TDP-43/FUS in motor neuron disease: Complexity and challenges

Abstract

Amyotrophic lateral sclerosis (ALS), a common motor neuron disease affecting two per 100,000 people worldwide, encompasses at least five distinct pathological subtypes, including, ALS-SOD1, ALS-C9orf72, ALS-TDP-43, ALS-FUS and Guam-ALS. The etiology of a major subset of ALS involves toxicity of the TAR DNA-binding protein-43 (TDP-43). A second RNA/DNA binding protein, fused in sarcoma/translocated in liposarcoma (FUS/TLS) has been subsequently associated with about 1% of ALS patients. While mutations in TDP-43 and FUS have been linked to ALS, the key contributing molecular mechanism(s) leading to cell death are still unclear. One unique feature of TDP-43 and FUS pathogenesis in ALS is their nuclear clearance and simultaneous cytoplasmic aggregation in affected motor neurons. Since the discoveries in the last decade implicating TDP-43 and FUS toxicity in ALS, a majority of studies have focused on their cytoplasmic aggregation and disruption of their RNA-binding functions. However, TDP-43 and FUS also bind to DNA, although the significance of their DNA binding in disease-affected neurons has been less investigated. A recent observation of accumulated genomic damage in TDP-43 and FUS-linked ALS and association of FUS with neuronal DNA damage repair pathways indicate a possible role of deregulated DNA binding function of TDP-43 and FUS in ALS. In this review, we discuss the different ALS disease subtypes, crosstalk of etiopathologies in disease progression, available animal models and their limitations, and recent advances in understanding the specific involvement of RNA/DNA binding proteins, TDP-43 and FUS, in motor neuron diseases.

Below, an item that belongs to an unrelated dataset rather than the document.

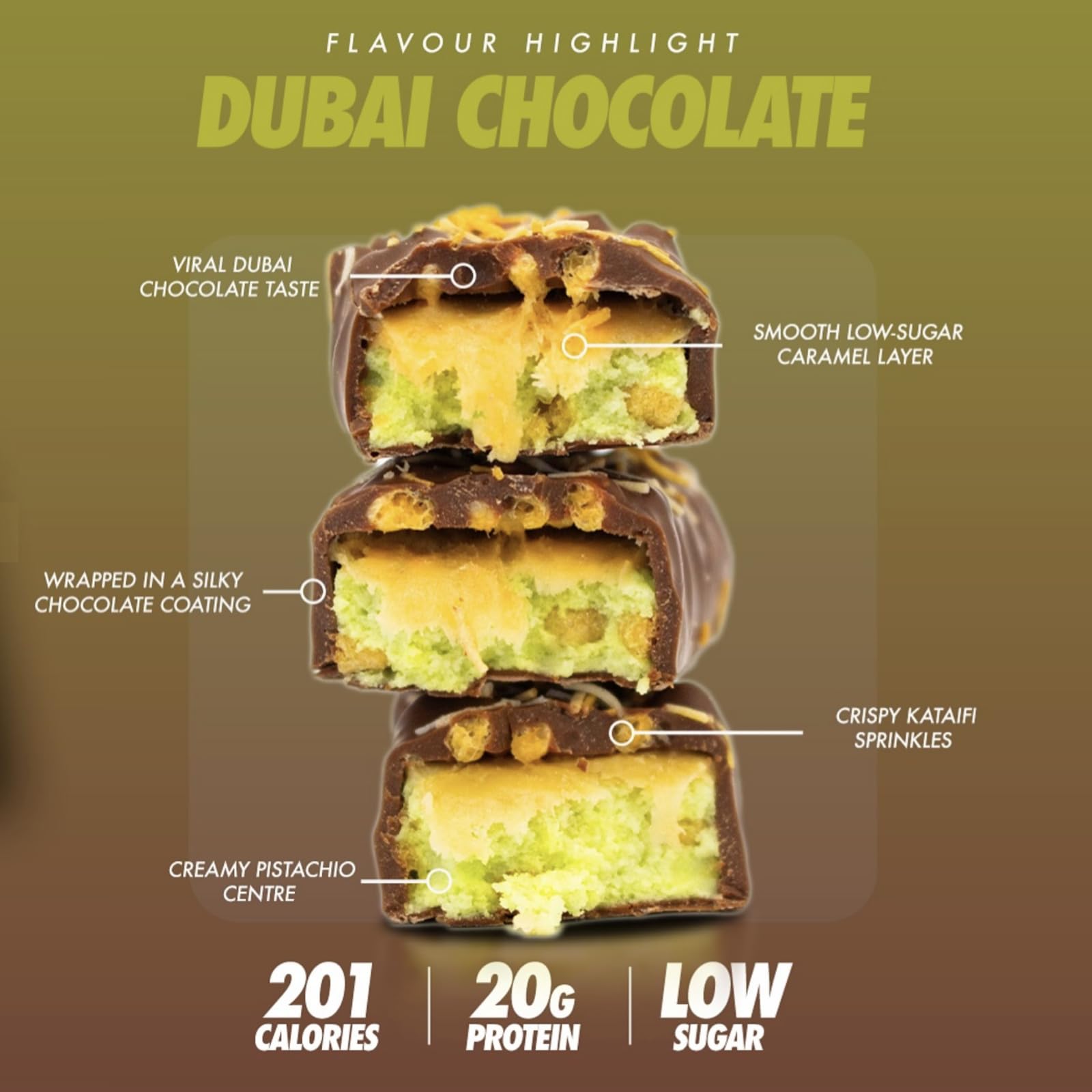 Per4m Protein Bar with cross-sectioned Dubai chocolate, pistachio, and caramel layers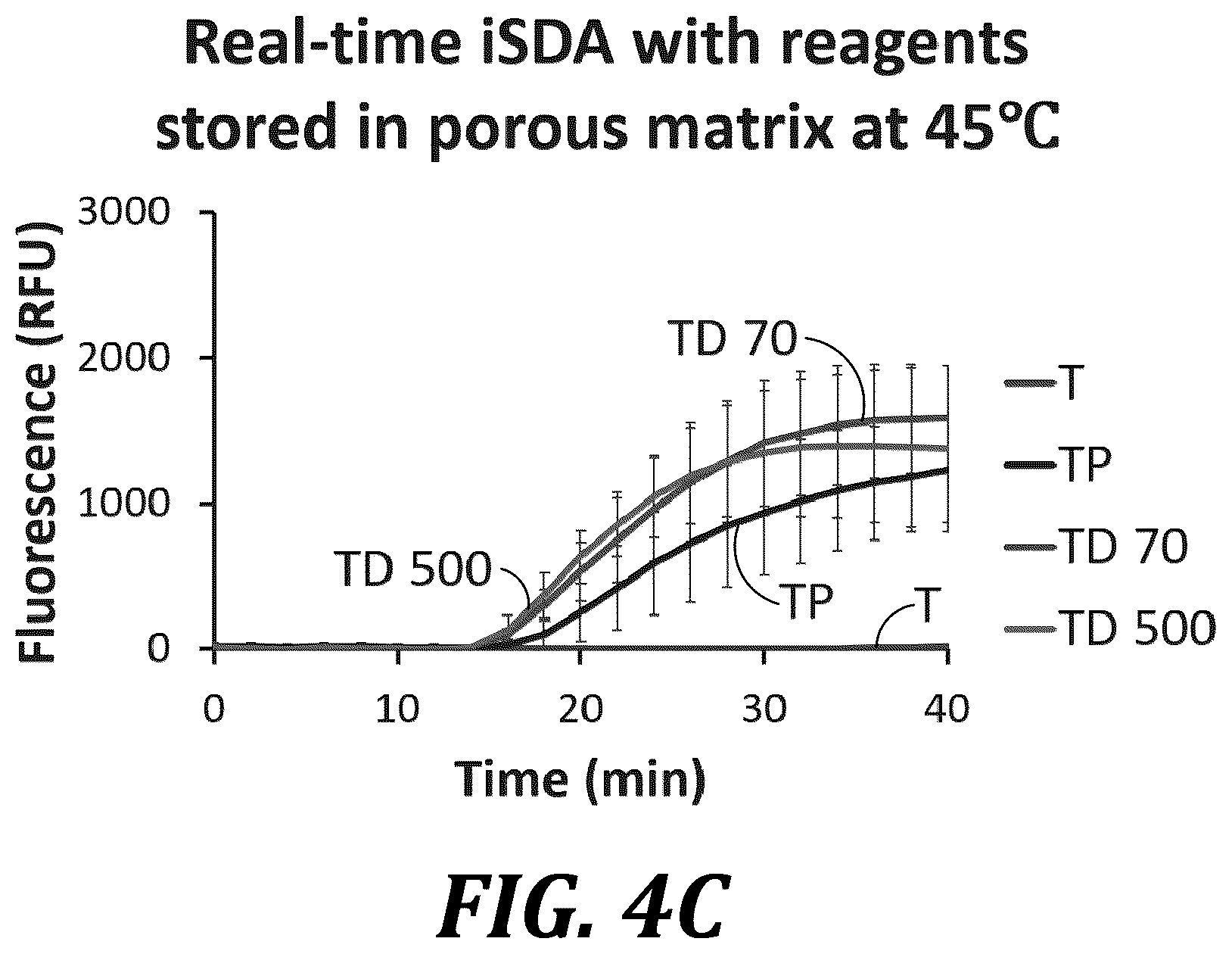 Patent US12611668 Figure 8 – Long-term dry storage of enzyme-based reagents in a porous matrix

Keywords: Amyotrophic lateral sclerosis; FUS/TLS; Genome damage/repair; RNA processing; TDP-43.

Figure 1. Illustration of the molecular and pathological features of sporadic and familial ALS

The sporadic disease subtypes account for ~90 % of ALS cases and which could be classified based on inclusions and the protein within. In the recent years, mutations and defects in several new ALS causing genes have been implicated in distinct subgroups of ALS patients (FALS). However, proteins encoded by these genes are also found in protein inclusions/aggregates in sporadic patients (SALS). There is a distinct pattern of co-localization or overlap of pathology among the ALS-linked protein inclusions, which are indicated. *NR: not reported.

Figure 2

Schematic of TDP-43 and FUS protein structure. TDP-43 and FUS, both have a Prion-like domain, nuclear localization signal, nuclear export signal and RNA recognition motif (RRM). FUS has an additional RRM as well as a Zinc finger domain. Major familial mutations are indicated. In contrast to FUS, disease-linked TDP-43 mutations are clustered in the Glycine-rich C-terminal domain; whereas FUS disease-linked mutations are mainly clustered in the nuclear localization signal domain.

Figure 3

TDP-43/FUS in healthy neurons bind to thousands of cellular RNA’s. They shuttle between the nucleus and cytoplasm, and play roles in miRNA biogenesis, pre-mRNA splicing, mRNA stability and transport. ALS affected motor neurons present altered cytoplasmic localization and nuclear clearance of the TDP-43 and FUS, together with deregulation in their posttranslational modification states, impacting their normal functions.